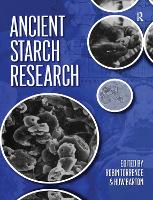 Book Cover for Ancient Starch Research by Robin Torrence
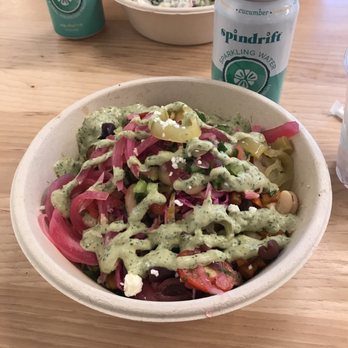 CAVA - Salad - Mediterranean Near Me - Paramus, New Jersey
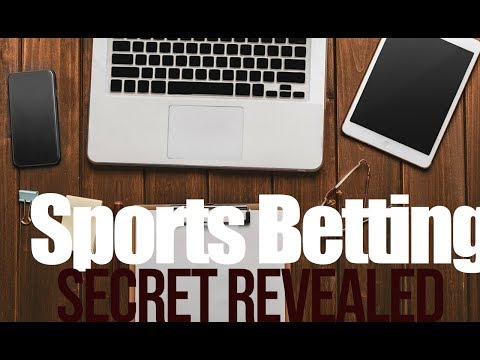 Secrets to Sports Betting Handicapping, Revealed!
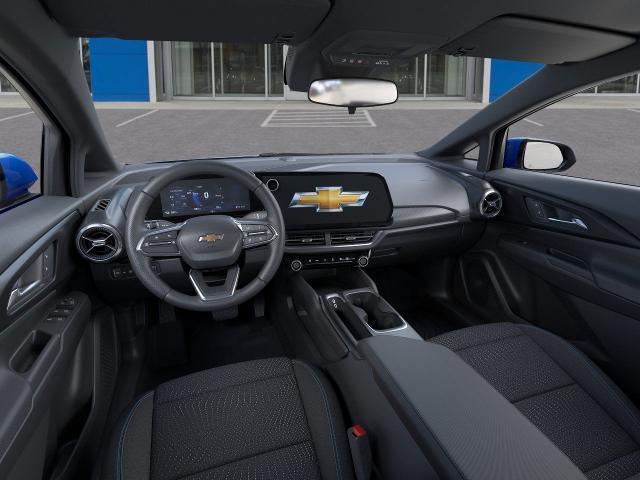new 2025 Chevrolet Equinox EV car, priced at $32,236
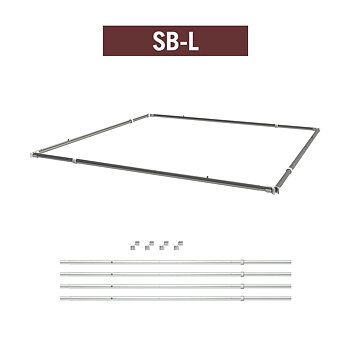 Secret Jardin Space Booster kit  large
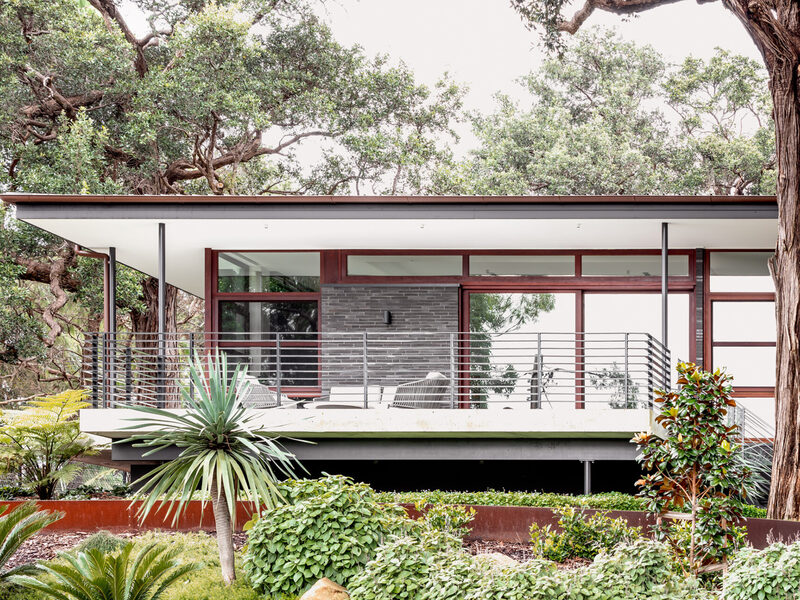 Bushfire Windows - Street View Mangerton Project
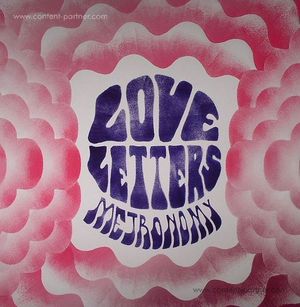 Metronomy - Love Letters (Deluxe LP 180g+CD)
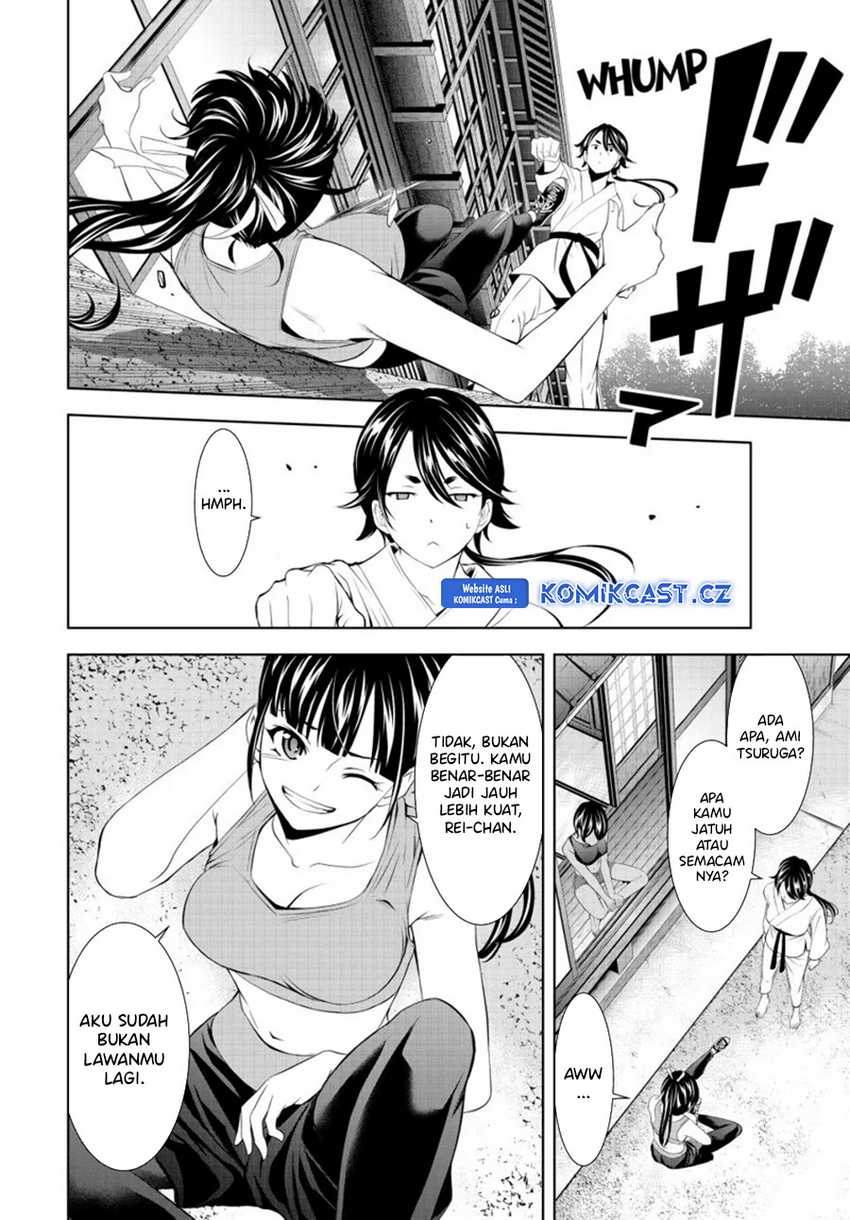 Megami no Kafeterasu (Goddess Café Terrace) Chapter 152 Gambar 5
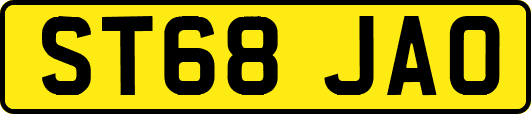 ST68JAO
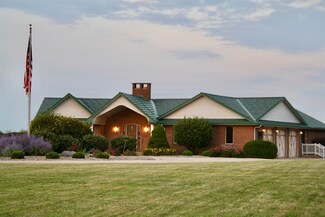 9665 N 100 W-90, Markle, IN 46770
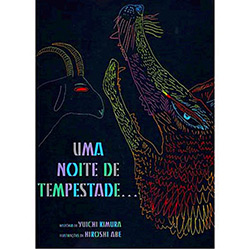 Livro - Noite de Tempestade, uma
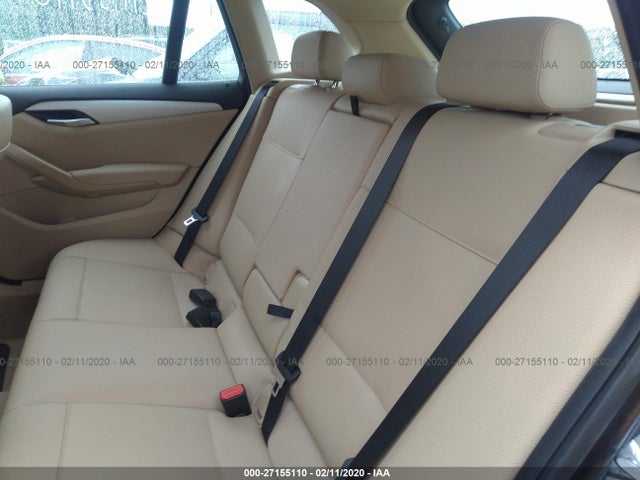 2015 BMW X1, VIN: WBAVL1C5XFVY39964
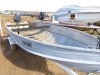 14' John Boat: V Hull, 25hp Motor - 4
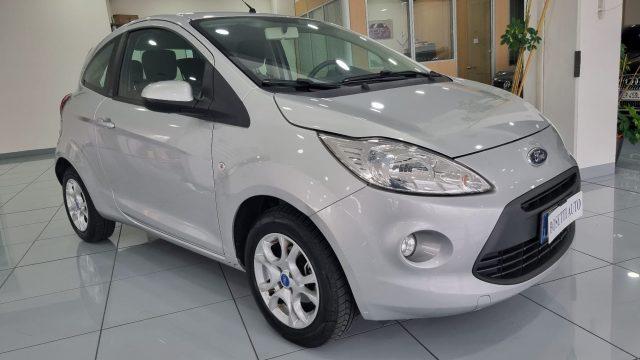 FORD Ka+ 1.2 8V 69CV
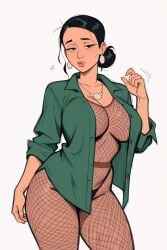 debbie grayson from invincible by fr34ky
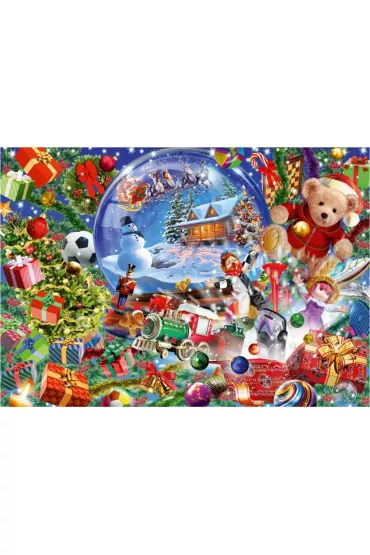 Puzzle 1000 el. Bo�e Narodzenie Bluebird Puzzle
######
Copy the records above from the first line through the line containing "debbie grayson from invincible by fr34ky", both included, and leave out any pictures.

* Exercise answer:
 Book Cover for Ancient Starch Research by Robin Torrence
 CAVA - Salad - Mediterranean Near Me - Paramus, New Jersey
 Secrets to Sports Betting Handicapping, Revealed!
new 2025 Chevrolet Equinox EV car, priced at $32,236
 Secret Jardin Space Booster kit  large
 Bushfire Windows - Street View Mangerton Project
 Metronomy - Love Letters (Deluxe LP 180g+CD)
 Megami no Kafeterasu (Goddess Café Terrace) Chapter 152 Gambar 5
 ST68JAO
 9665 N 100 W-90, Markle, IN 46770
 Livro - Noite de Tempestade, uma
 2015 BMW X1, VIN: WBAVL1C5XFVY39964
 14' John Boat: V Hull, 25hp Motor - 4
 FORD Ka+ 1.2 8V 69CV
 debbie grayson from invincible by fr34ky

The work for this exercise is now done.